→ **SUPPLIED ENTRIES**:
■ ■ ■ ■
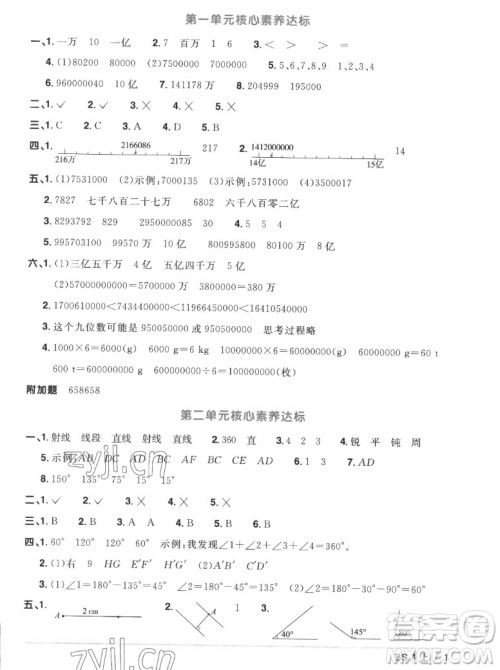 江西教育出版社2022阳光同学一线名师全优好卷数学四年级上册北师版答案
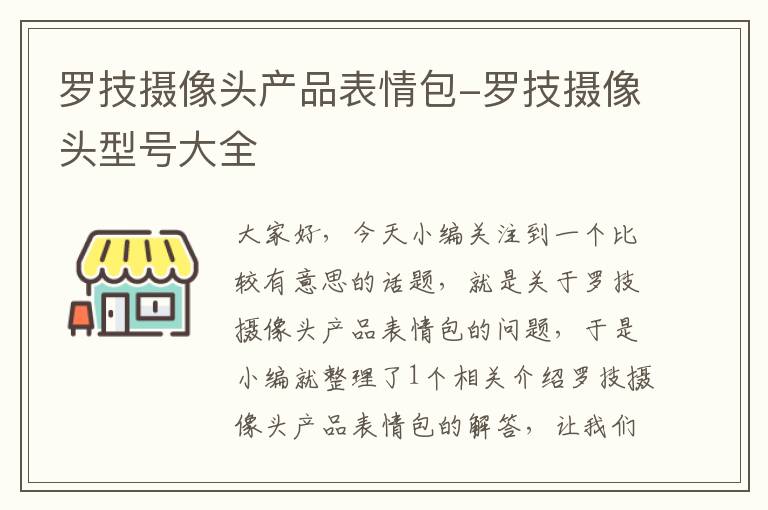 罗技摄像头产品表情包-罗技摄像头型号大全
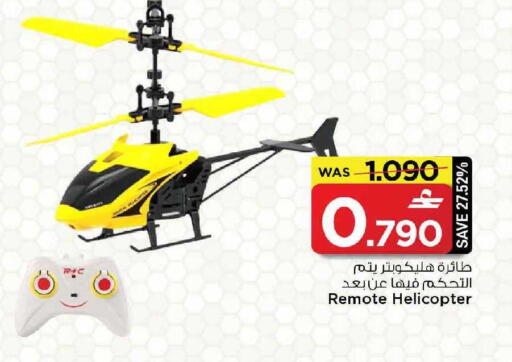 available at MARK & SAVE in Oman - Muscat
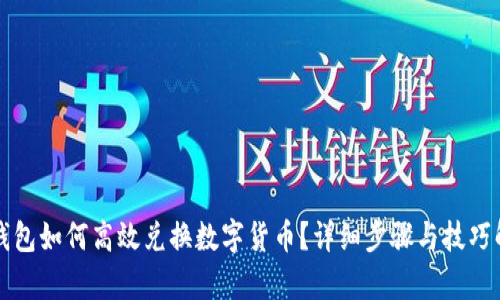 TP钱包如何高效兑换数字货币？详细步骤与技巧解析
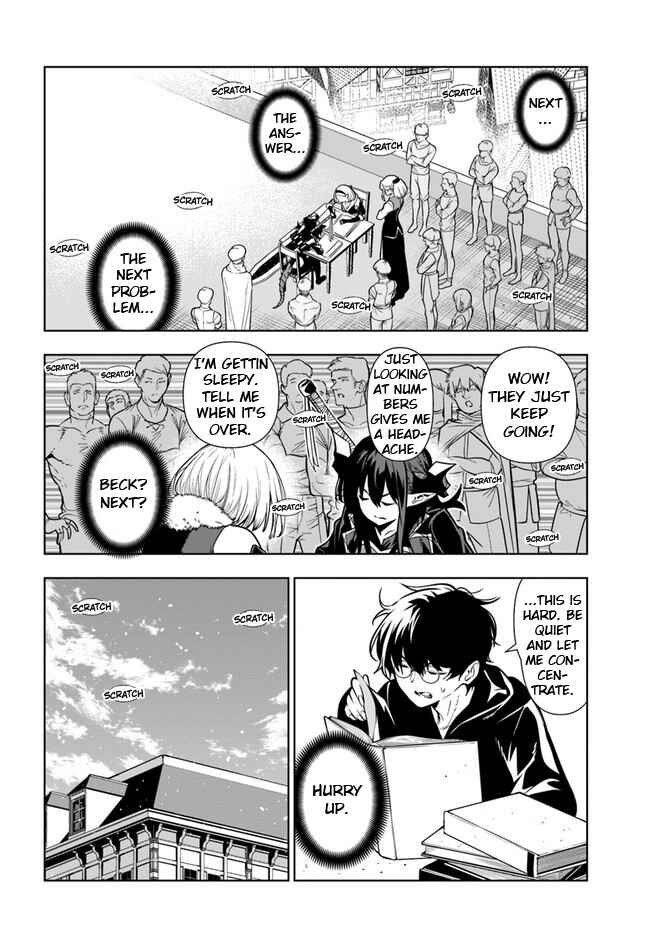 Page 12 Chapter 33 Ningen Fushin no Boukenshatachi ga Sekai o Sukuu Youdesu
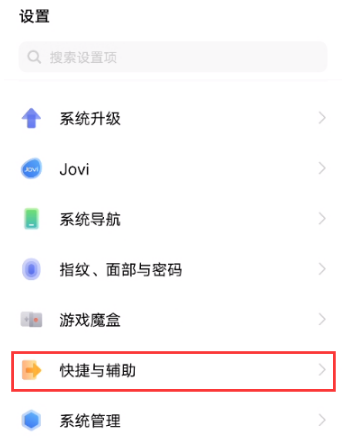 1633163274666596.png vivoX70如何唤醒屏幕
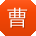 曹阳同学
■ ■ ■ ■
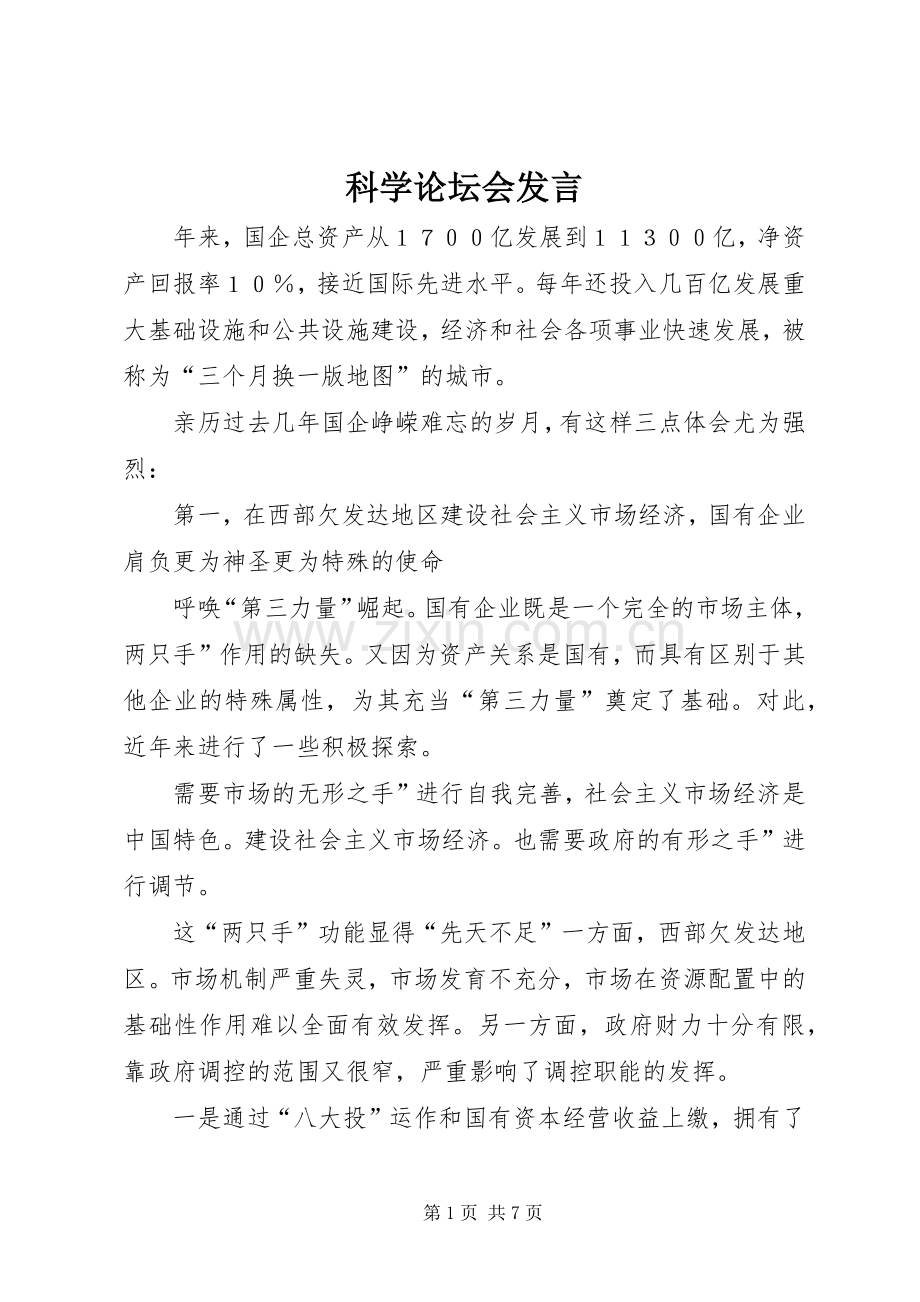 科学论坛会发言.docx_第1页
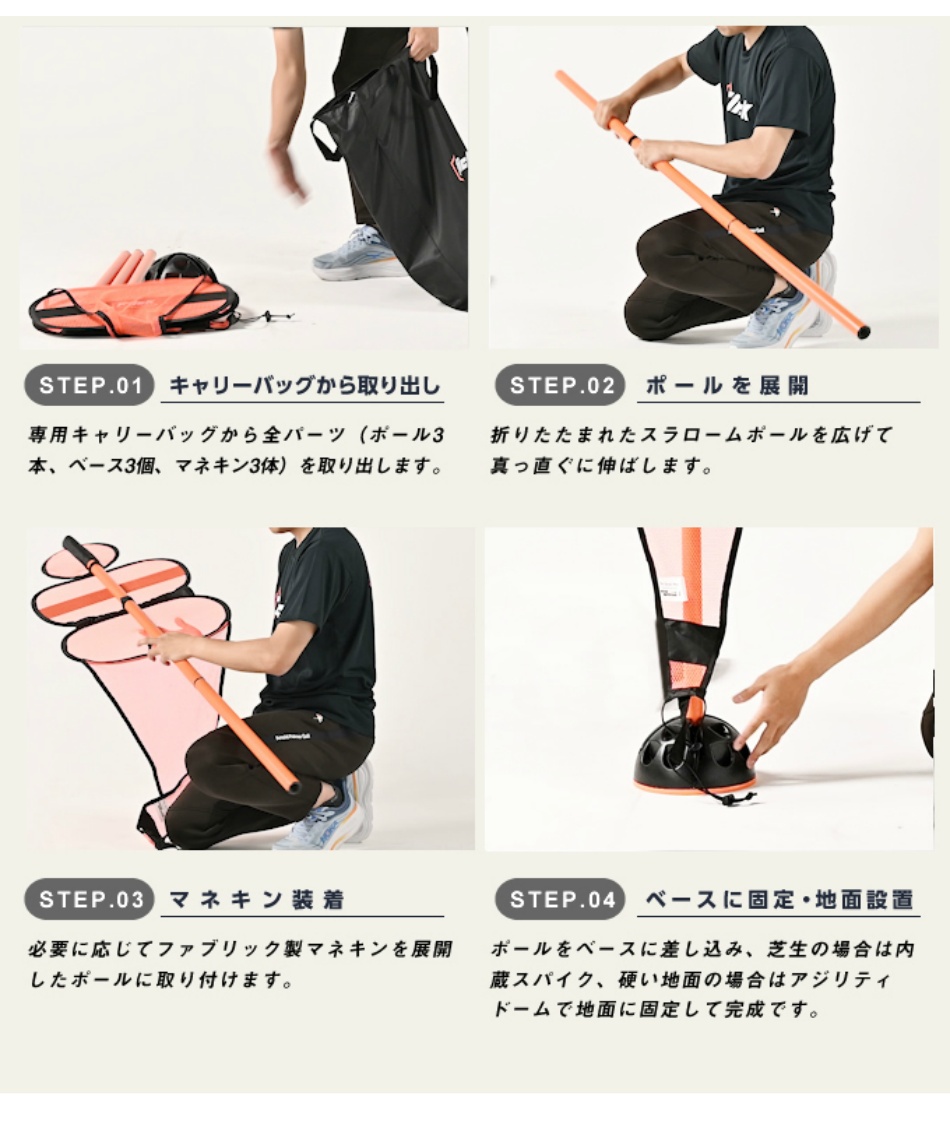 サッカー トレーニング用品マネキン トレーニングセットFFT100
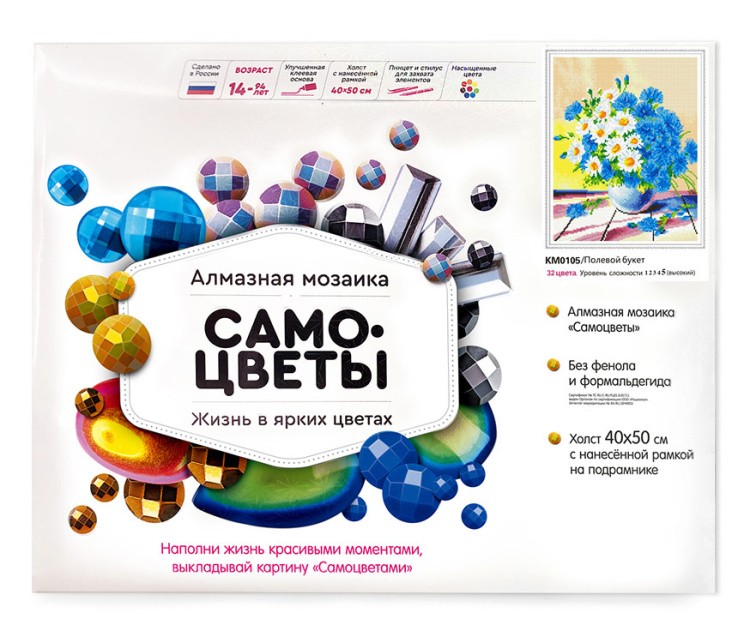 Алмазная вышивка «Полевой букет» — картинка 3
■ ■ ■ ■
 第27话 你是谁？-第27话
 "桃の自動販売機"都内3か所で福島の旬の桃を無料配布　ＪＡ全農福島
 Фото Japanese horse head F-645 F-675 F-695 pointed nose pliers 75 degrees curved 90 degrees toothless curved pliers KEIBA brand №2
■ ■ ■ ■
From the listing above, repeat exactly the lines starting at the line that includes "第27话 你是谁？-第27话" and ending at the line that includes "Фото Japanese horse", with nothing outside that span.

 第27话 你是谁？-第27话
 "桃の自動販売機"都内3か所で福島の旬の桃を無料配布　ＪＡ全農福島
 Фото Japanese horse head F-645 F-675 F-695 pointed nose pliers 75 degrees curved 90 degrees toothless curved pliers KEIBA brand №2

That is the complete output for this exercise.